I’m higher on Harris than most. His current ADP is RB17, but he’s my RB11. Although he hasn’t played a down in the NFL, Harris takes over as Pittsburgh’s lead back. The Steelers haven’t been shy about giving backs 18-plus touches per game in the Mike Tomlin era. Harris was a three-down back at Alabama, and the Steelers took him in the first round for a reason. The caveat here is that like Dallas, there are a trio of talented receivers. The assumption that Ben Roethlisberger will throw less is just as assumption.


Last year, I warned you about taking Mixon in the first round. But this year, he’s RB14. I have him at RB13, and I would certainly take him if he slips the end of the second or beginning of the third round. When Giovani Bernard missed time last year, Mixon averaged 27.0 touches per game over those next three weeks before getting hurt. Now with Bernard gone, are we finally going to get a full season’s worth of 20-plus touch games for Mixon? With that kind of volume, top-five production is possible.


Edwards-Helaire was the No. 11 running back through six weeks of the 2020 season before the arrival of Le’Veon Bell. He was No. 11 while scoring just once during that time. With Bell gone and no one significant brought in this offseason, CEH could return to his 18-plus touch role in the best offense in the NFL. If so, CEH, would be a great value. The Chiefs have rebuilt their offensive line this year, which should help make life easier on CEH, who did average a solid 4.44 yards per carry his rookie season.

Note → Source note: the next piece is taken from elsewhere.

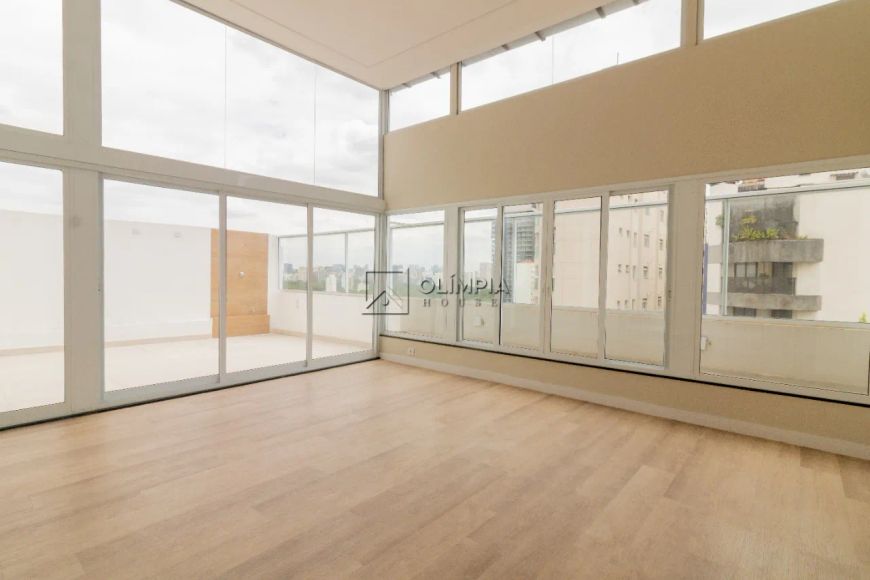 Cobertura Locação 2 Dormitórios - 170 m² Pinheiros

Last season, Gibson scored at least 12 PPR points in eight of his first 11 games. A toe injury in Week 13 slowed him down over the final five games of the season, but he should be healthy coming into training camp. He will share passing-downs work with J.D. McKissic, but Gibson is a converted receiver from Memphis and had 36 receptions on 44 targets as a rookie. If Gibson gets a larger target share in 2021, he could emerge as a top-10 Fantasy running back this year and return draft value. He’s my RB15. 


Montgomery came into the NFL with a lot of buzz in 2019, with a potential workhorse role under head coach Matt Nagy. He ended up flopping, finishing as RB30 in fantasy points per game (PPR). He became known as a plodding back with limited upside heading into his sophomore season. Then, he broke out in 2020, finishing as RB4 after a late-season surge where he posted 24 receptions, 824 total yards, and eight touchdowns in his final six games. He can be drafted with confidence in the fourth round.